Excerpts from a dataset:
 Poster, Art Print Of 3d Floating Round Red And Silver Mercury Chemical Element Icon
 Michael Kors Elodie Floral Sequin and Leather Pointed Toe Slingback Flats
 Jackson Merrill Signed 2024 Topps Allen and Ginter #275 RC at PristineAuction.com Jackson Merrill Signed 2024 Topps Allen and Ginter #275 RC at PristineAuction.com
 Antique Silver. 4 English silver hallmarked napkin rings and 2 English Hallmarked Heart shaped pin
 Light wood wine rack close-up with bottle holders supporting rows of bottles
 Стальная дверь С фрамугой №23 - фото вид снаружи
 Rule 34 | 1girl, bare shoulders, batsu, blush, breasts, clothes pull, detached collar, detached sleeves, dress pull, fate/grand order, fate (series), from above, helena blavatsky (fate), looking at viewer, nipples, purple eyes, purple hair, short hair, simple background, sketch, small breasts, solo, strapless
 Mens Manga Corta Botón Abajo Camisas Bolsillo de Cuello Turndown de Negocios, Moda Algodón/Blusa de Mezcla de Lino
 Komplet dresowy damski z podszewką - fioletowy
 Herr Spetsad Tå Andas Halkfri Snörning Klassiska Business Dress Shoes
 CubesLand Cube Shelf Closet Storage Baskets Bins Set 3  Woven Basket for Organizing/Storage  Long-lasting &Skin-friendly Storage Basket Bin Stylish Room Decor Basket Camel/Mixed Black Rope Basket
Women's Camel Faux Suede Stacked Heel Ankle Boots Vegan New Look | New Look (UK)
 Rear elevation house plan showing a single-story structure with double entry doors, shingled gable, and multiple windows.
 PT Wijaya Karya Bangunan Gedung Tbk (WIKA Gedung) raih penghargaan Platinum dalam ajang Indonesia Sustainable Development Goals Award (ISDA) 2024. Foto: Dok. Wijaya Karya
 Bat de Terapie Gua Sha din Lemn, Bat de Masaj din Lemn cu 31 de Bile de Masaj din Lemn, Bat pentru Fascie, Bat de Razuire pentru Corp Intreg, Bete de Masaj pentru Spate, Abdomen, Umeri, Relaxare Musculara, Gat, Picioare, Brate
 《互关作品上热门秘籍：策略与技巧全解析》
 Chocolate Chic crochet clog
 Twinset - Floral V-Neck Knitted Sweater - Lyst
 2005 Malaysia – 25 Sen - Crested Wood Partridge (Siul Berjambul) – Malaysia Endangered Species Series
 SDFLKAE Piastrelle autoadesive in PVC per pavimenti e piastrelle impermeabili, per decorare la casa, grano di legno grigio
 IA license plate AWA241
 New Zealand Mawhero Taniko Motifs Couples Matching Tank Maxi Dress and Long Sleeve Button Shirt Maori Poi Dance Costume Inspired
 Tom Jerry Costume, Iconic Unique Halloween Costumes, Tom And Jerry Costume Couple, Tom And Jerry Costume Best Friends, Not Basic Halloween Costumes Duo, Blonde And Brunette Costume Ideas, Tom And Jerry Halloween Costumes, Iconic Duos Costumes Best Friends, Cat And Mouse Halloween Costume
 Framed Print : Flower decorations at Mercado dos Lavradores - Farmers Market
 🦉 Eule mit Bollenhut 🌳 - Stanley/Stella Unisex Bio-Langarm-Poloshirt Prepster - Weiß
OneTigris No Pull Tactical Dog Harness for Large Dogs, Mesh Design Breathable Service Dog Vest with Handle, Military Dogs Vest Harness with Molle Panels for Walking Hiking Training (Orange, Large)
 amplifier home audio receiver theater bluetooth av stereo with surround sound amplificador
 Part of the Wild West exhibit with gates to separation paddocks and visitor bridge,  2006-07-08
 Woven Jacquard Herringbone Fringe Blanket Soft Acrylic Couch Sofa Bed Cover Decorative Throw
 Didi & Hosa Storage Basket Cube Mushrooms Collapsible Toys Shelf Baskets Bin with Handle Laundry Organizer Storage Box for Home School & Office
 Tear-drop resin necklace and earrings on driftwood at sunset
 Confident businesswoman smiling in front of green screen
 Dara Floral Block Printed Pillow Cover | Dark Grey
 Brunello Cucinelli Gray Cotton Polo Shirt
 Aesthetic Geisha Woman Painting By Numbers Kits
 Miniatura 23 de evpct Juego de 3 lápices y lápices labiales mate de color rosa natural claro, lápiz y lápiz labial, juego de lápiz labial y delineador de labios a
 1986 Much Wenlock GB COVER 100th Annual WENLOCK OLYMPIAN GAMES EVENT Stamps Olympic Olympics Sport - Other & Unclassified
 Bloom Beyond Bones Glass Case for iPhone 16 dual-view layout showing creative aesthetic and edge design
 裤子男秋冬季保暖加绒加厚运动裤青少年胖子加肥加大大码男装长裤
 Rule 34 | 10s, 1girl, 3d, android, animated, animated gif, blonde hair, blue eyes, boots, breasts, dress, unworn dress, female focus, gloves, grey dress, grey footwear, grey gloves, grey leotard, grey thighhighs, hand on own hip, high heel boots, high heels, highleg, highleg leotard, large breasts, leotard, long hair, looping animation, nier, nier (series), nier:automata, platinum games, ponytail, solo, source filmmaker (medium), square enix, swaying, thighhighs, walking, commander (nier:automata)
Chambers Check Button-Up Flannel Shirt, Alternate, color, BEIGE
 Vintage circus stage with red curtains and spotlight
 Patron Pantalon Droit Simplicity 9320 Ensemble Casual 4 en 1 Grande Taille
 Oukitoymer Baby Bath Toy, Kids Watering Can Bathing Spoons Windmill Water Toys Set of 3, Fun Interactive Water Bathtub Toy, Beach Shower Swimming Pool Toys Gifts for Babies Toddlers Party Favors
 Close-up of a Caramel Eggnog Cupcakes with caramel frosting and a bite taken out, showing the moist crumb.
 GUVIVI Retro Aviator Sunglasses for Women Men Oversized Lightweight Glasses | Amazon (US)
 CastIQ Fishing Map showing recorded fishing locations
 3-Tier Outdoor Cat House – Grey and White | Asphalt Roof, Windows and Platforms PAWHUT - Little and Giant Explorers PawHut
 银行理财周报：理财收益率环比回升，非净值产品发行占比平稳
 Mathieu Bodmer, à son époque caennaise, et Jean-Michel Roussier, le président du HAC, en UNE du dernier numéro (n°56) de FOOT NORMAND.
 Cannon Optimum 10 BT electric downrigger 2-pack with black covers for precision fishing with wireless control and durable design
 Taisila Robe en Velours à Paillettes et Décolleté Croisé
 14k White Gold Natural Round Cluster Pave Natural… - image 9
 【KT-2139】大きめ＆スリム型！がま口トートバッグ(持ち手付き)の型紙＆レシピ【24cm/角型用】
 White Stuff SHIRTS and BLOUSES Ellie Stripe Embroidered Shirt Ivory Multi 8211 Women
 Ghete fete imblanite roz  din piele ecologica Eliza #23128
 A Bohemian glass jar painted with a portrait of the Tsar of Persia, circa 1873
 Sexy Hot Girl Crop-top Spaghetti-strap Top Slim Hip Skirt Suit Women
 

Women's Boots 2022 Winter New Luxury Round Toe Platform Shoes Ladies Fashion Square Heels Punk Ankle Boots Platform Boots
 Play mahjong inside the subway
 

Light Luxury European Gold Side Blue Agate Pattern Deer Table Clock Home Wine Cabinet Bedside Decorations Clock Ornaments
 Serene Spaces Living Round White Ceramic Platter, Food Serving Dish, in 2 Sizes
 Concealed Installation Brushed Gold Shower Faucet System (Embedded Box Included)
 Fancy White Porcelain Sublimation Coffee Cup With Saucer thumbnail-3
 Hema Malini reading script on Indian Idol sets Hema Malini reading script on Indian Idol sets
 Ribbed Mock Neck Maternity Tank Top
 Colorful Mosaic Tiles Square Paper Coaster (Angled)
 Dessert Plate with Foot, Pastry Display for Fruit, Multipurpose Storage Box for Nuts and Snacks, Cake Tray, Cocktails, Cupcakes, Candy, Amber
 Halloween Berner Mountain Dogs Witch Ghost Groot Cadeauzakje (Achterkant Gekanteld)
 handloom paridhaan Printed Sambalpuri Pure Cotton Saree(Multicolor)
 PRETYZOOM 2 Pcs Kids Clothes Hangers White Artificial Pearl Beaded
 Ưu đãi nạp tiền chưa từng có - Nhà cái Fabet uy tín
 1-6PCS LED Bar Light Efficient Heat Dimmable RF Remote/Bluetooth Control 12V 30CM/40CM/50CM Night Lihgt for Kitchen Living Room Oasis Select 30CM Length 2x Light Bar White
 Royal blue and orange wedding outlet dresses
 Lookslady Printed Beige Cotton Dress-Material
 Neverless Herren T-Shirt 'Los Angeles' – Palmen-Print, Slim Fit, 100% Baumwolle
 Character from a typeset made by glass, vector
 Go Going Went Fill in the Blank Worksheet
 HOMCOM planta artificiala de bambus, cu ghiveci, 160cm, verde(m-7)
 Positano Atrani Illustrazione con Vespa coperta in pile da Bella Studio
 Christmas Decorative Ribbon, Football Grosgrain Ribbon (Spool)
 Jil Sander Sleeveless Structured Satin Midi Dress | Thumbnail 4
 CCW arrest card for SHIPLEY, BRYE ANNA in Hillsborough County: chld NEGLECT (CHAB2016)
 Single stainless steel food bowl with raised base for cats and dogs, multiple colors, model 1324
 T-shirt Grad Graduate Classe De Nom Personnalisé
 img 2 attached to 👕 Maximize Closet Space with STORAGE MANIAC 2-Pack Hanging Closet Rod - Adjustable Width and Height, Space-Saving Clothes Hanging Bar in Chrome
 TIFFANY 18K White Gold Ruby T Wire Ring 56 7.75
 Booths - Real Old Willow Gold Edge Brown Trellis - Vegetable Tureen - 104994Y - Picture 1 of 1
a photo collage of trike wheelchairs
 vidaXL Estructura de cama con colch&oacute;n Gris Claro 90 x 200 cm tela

**What you should do:** In your answer, include only the lines above starting at the line that holds "Vintage circus stage" and ending at the line that holds "Fancy White Porcelain", copied exactly.

**Your response:**
 Vintage circus stage with red curtains and spotlight
 Patron Pantalon Droit Simplicity 9320 Ensemble Casual 4 en 1 Grande Taille
 Oukitoymer Baby Bath Toy, Kids Watering Can Bathing Spoons Windmill Water Toys Set of 3, Fun Interactive Water Bathtub Toy, Beach Shower Swimming Pool Toys Gifts for Babies Toddlers Party Favors
 Close-up of a Caramel Eggnog Cupcakes with caramel frosting and a bite taken out, showing the moist crumb.
 GUVIVI Retro Aviator Sunglasses for Women Men Oversized Lightweight Glasses | Amazon (US)
 CastIQ Fishing Map showing recorded fishing locations
 3-Tier Outdoor Cat House – Grey and White | Asphalt Roof, Windows and Platforms PAWHUT - Little and Giant Explorers PawHut
 银行理财周报：理财收益率环比回升，非净值产品发行占比平稳
 Mathieu Bodmer, à son époque caennaise, et Jean-Michel Roussier, le président du HAC, en UNE du dernier numéro (n°56) de FOOT NORMAND.
 Cannon Optimum 10 BT electric downrigger 2-pack with black covers for precision fishing with wireless control and durable design
 Taisila Robe en Velours à Paillettes et Décolleté Croisé
 14k White Gold Natural Round Cluster Pave Natural… - image 9
 【KT-2139】大きめ＆スリム型！がま口トートバッグ(持ち手付き)の型紙＆レシピ【24cm/角型用】
 White Stuff SHIRTS and BLOUSES Ellie Stripe Embroidered Shirt Ivory Multi 8211 Women
 Ghete fete imblanite roz  din piele ecologica Eliza #23128
 A Bohemian glass jar painted with a portrait of the Tsar of Persia, circa 1873
 Sexy Hot Girl Crop-top Spaghetti-strap Top Slim Hip Skirt Suit Women
 

Women's Boots 2022 Winter New Luxury Round Toe Platform Shoes Ladies Fashion Square Heels Punk Ankle Boots Platform Boots
 Play mahjong inside the subway
 

Light Luxury European Gold Side Blue Agate Pattern Deer Table Clock Home Wine Cabinet Bedside Decorations Clock Ornaments
 Serene Spaces Living Round White Ceramic Platter, Food Serving Dish, in 2 Sizes
 Concealed Installation Brushed Gold Shower Faucet System (Embedded Box Included)
 Fancy White Porcelain Sublimation Coffee Cup With Saucer thumbnail-3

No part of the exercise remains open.